_DATA SHOWN_
=====

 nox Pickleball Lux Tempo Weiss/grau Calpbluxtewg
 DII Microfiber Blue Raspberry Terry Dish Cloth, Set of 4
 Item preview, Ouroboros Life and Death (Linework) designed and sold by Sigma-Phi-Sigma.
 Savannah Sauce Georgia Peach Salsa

=====

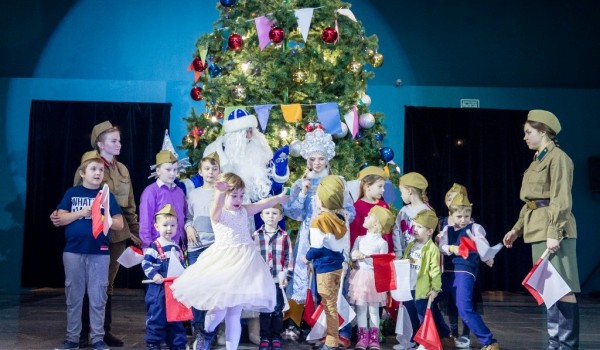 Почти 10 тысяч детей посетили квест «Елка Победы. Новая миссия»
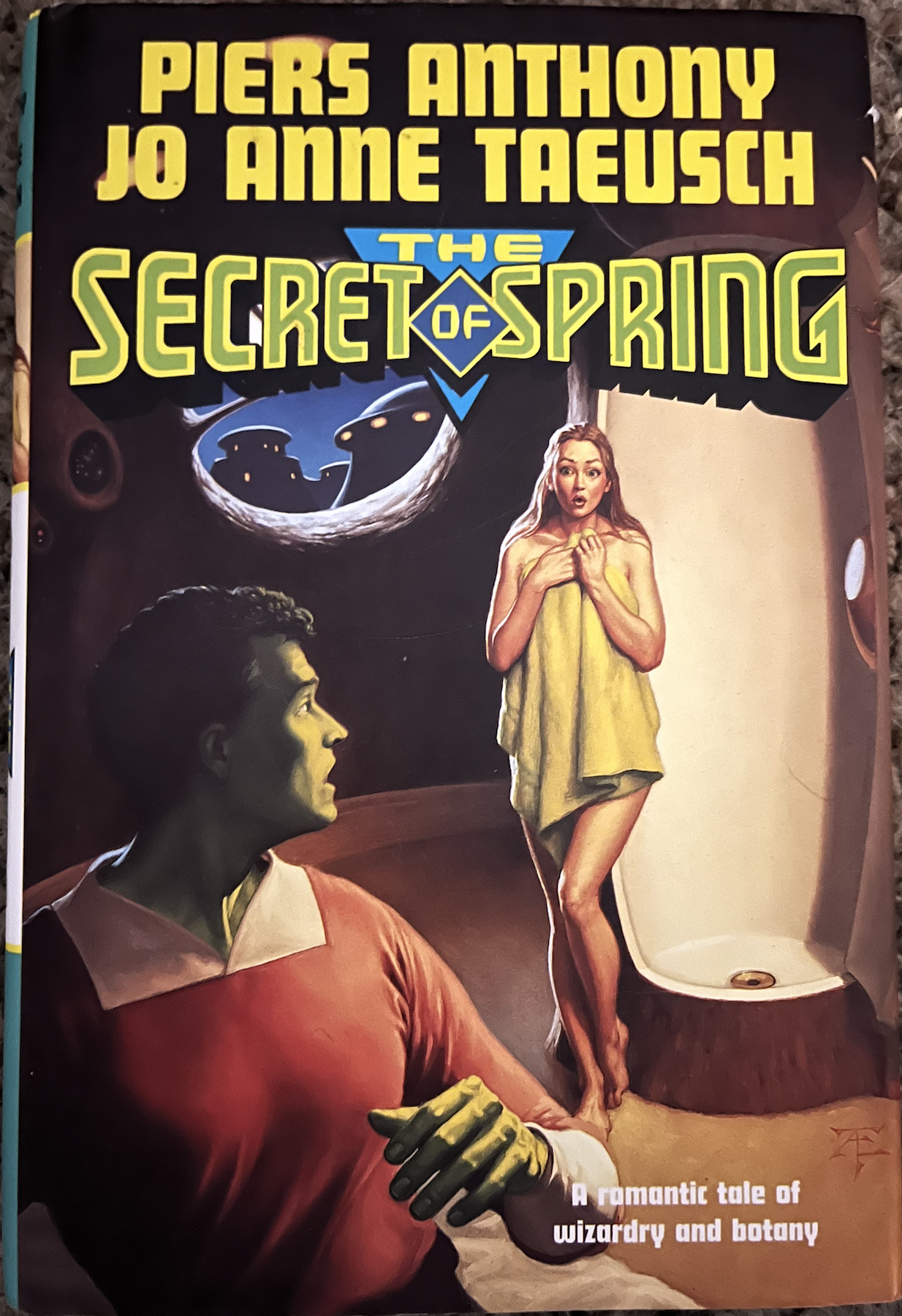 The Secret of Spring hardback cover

=====

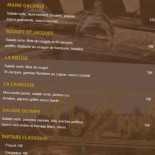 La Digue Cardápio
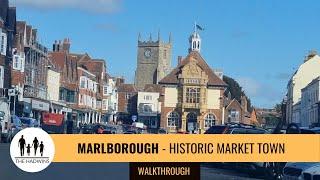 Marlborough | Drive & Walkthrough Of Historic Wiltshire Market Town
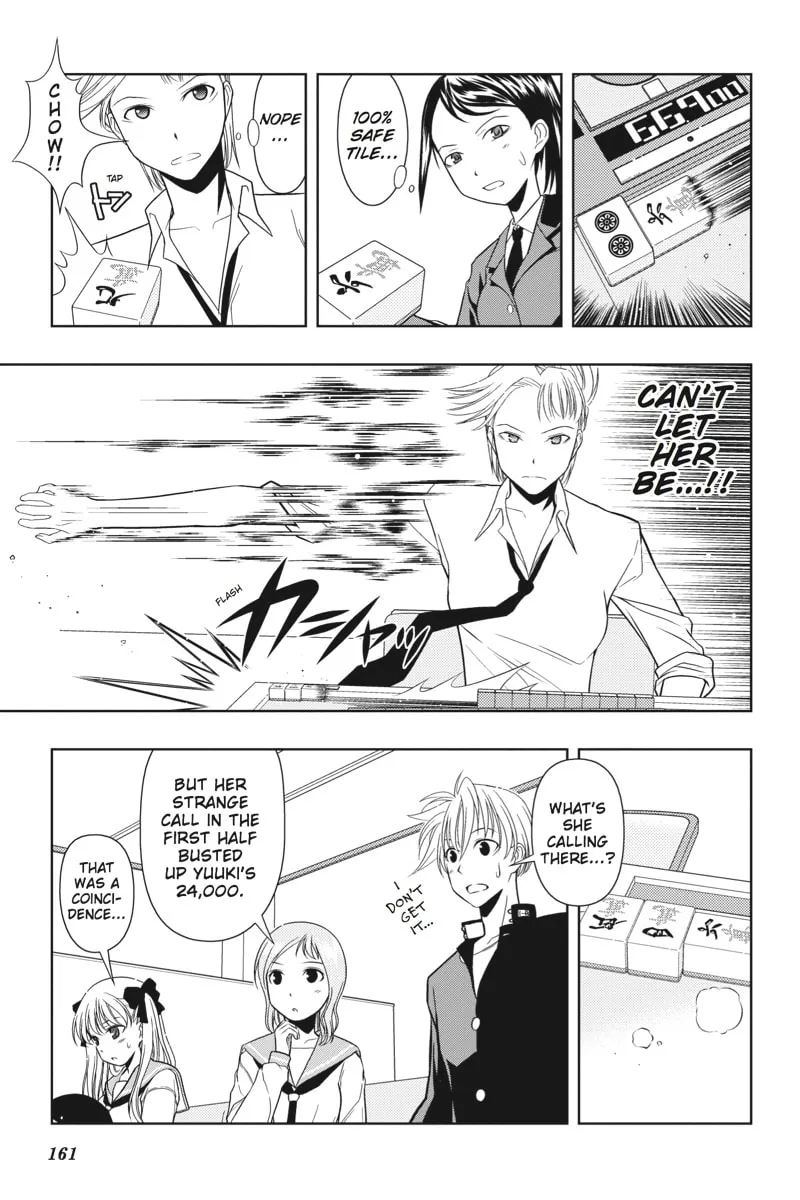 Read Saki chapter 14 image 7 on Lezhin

=====

No picture is to be printed. Output exactly the lines above from the line containing "Почти 10 тысяч" through the line containing "The Secret of Spring hardback cover".

 Почти 10 тысяч детей посетили квест «Елка Победы. Новая миссия»
 The Secret of Spring hardback cover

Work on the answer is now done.